Dion Bisara, Lenny Tristia Tambun, Jakarta – The government has acknowledged shocking typos in the 2020 Law on Job Creation but insist on the law, which President Joko "Jokowi" Widodo hope would spearhead Indonesia's massive deregulation plan to spur investment in the next four years, would meet no trouble in its implementation, a minister said on Tuesday.
One of the typos in question came up early in the law's Article 6, which includes a reference to a nonexistent paragraph in Article 5. A similar mistake was repeated in Article 151, which refers to a nonexistent paragraph in Article 141. Also, paragraph five, Article 175, refers to paragraph three, whereas it should refer to paragraph four.
State Secretary Minister Pratikno said the government acknowledged what he called "technical errors" in the job creation law but continued to argue that the errors did not affect the law's implementation.
"Today, we find technical errors in writing in the 2020 Law on Job Creation. However, these mistakes are technical and administrative in nature, so they do not affect the implementation of the law," Pratikno said on Tuesday.
Jokowi has demanded its ministers to finish government regulations and their derivative rules to make the law operable in three months. Despite the tight deadline, the minister said the government would ensure such editorial mistakes would not happen again in the subsequent regulations.
"We will continue to improve quality control [...] so that technical errors like this do not happen again in the future," Pratikno said.
Jokowi proposed the job creation bill last year in an unprecedented plan to revises more than 70 separate laws he deemed undermining Indonesia's ability to attract investment in one clean swoop. With the support of virtually all political parties in the House of Representatives, the law, containing more than 1,000 pages, gets passed in less than nine months of deliberation.
But, since the House passed the bill on Oct 5, the public has seen several versions of what is supposed to be the final draft of the bill. Pratikno said on Oct 22, the difference in those versions stemmed from document formating.
Pratikno said at the time his ministry was working on sorting out all the typos, editorials, and formating issues without changing anything substantial from what had been approved by the House.
But, until Jokowi signed the Job Creation bill on Monday, Jokowi signed the Job Creation bill on Monday – an action that, according to a 2011 Law on Establishment of Law and Legislation, irrevocably makes the law with all of its flaws coming into force – such issues persist.
Easy target
The Center for Indonesian Law and Policy Studies (PSHK), a Jakarta-based legal think tank, said the errors had made the legislation an easy target for oppositions seeking to challenge it at the Constitutional Court.
"The Job Creation Law still contains formulation errors that affect the articles' substance," the Center for Indonesian Law and Policy Studies (PSHK), a Jakarta-based legal think tank, said in a statement on Tuesday.
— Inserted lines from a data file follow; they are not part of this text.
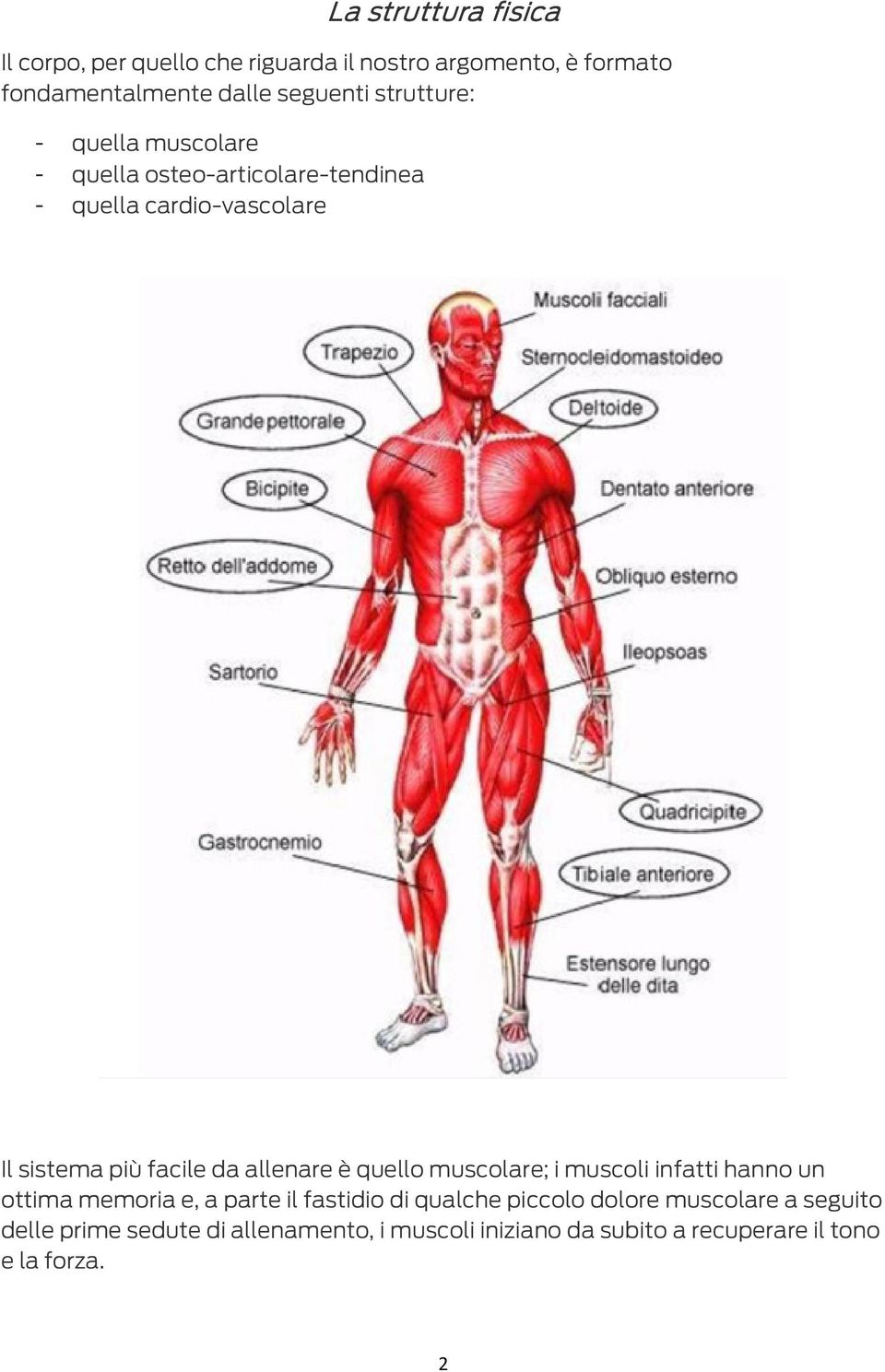 facile da allenare è quello muscolare; i muscoli infatti hanno un ottima memoria e, a parte il fastidio di qualche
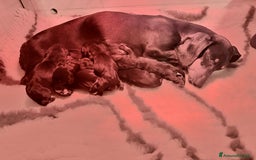 Bassotto cani in vendita: Cuccioli maschi bassotto  - Immagine 5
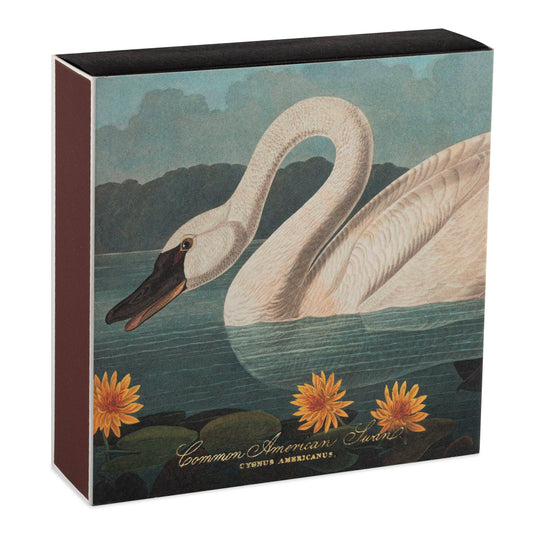 The Common American Swan  | Square Safety Matches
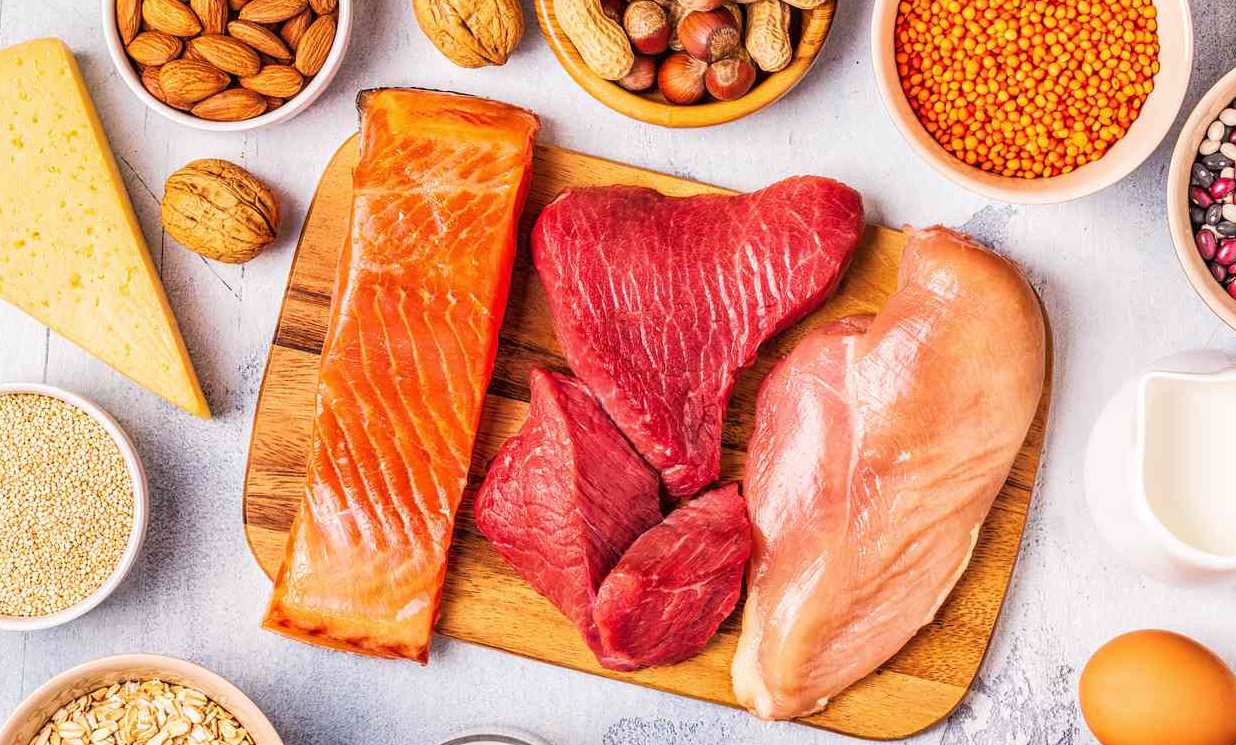 رژیم پروتئین - رژیم پروتئین برای لاغری سریع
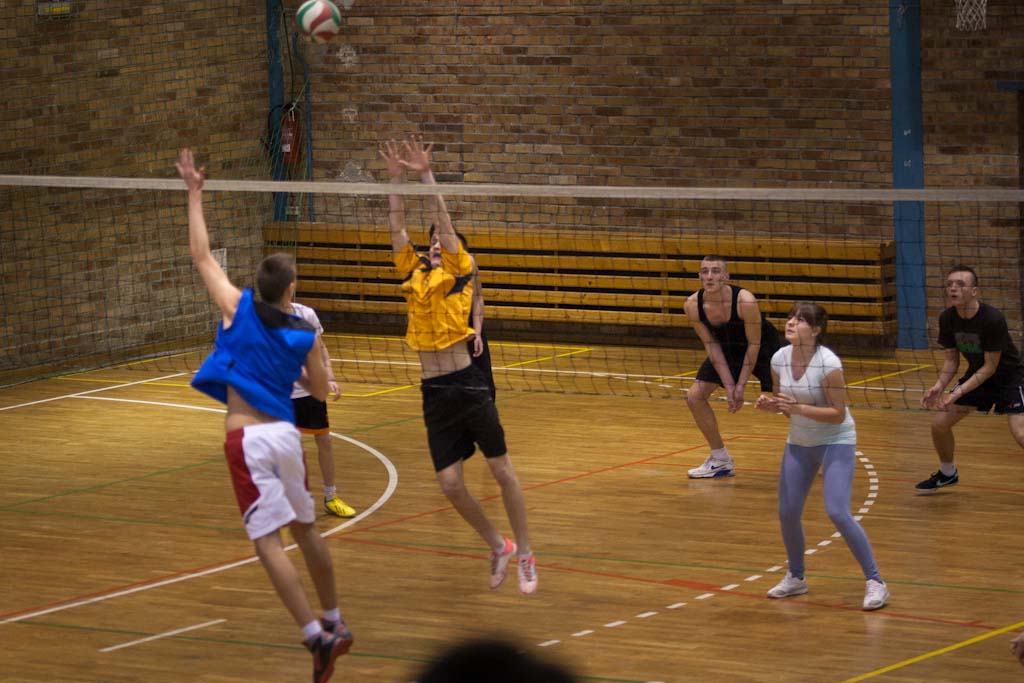 Makutra 2013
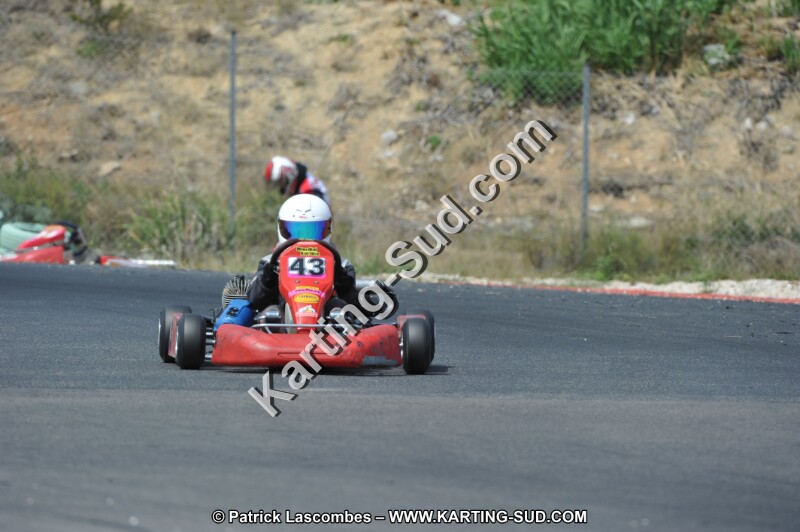 DSC (3132).JPG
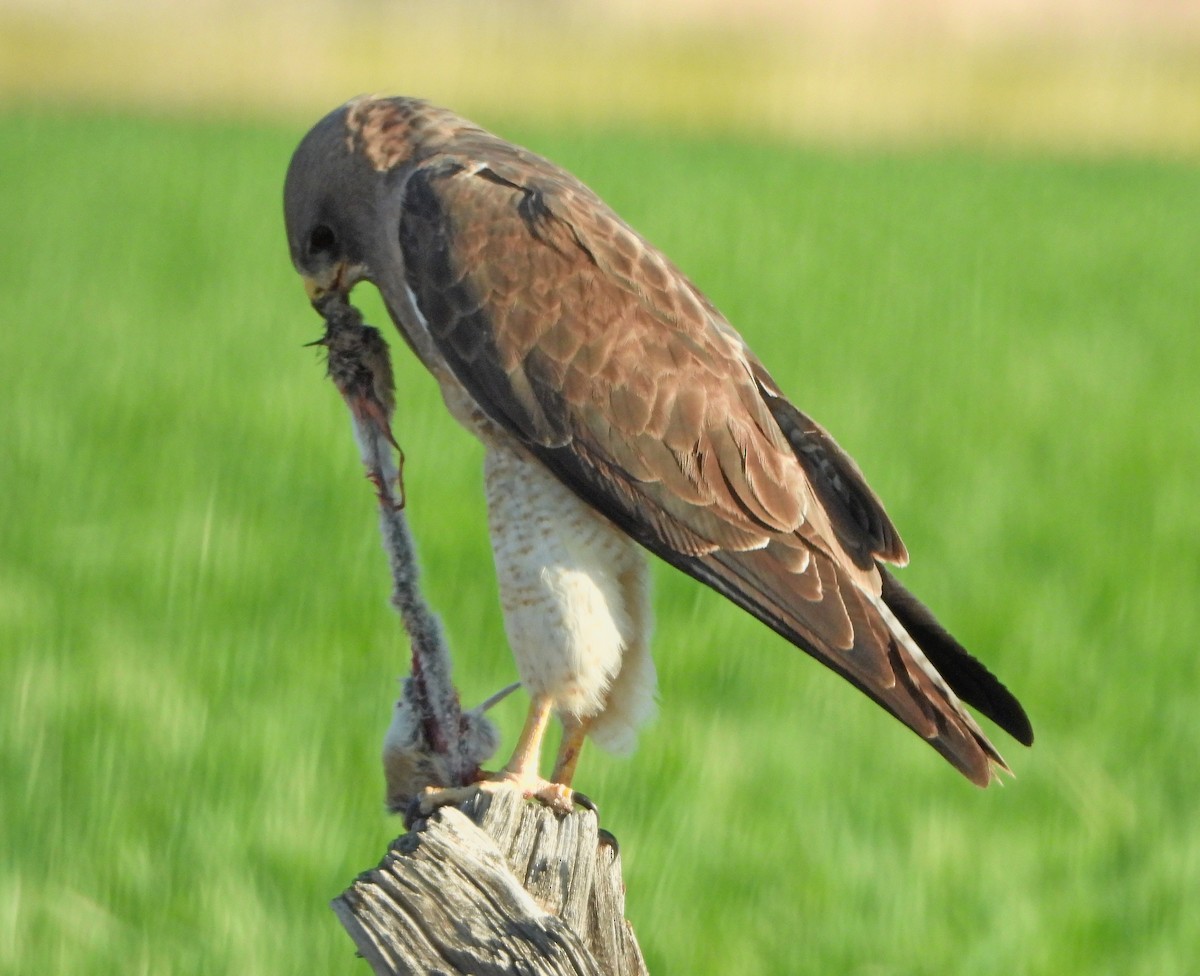 Swainson's Hawk - ML232770091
The center said the error was a violation of the law formulation clarity principle stated in the 2011 law about legislation.
"This formulation error is not merely a typo but needs to be interpreted as the fruit of a forced regulatory formation process that sacrifices the principles of transparency, participation, and accountability," PSHK said.
"This further shows that the job creation law contains formal flaws and must be seriously considered by the Constitutional Court in the law's formal review," PSHK said. In a formal review hearing, the court would determine whether the law's establishment follows the proper procedures or not. If it was the latter, the court might annul the law.
Earlier on Tuesday, the Confederation of Indonesian Workers' Unions (KSPI) filed a judicial review on the job creation law to the Constitutional Court, seeking to overturn the law deemed detrimental to workers' welfare. Many typos in the law hand the confederation strong evidence supporting their case before the court.
"Editorial errors and bad practices in the process of its formation are clear evidence for the Constitutional Court to state that the Job Creation Law is formally flawed so that it must be declared not legally binding in its entirety," PSHK said.
President Jokowi still has the last constitutional avenue by issuing a government regulation in lieu of law to amend the typos. Still, it would not erase the flaws in the law's legislation process PSHK said.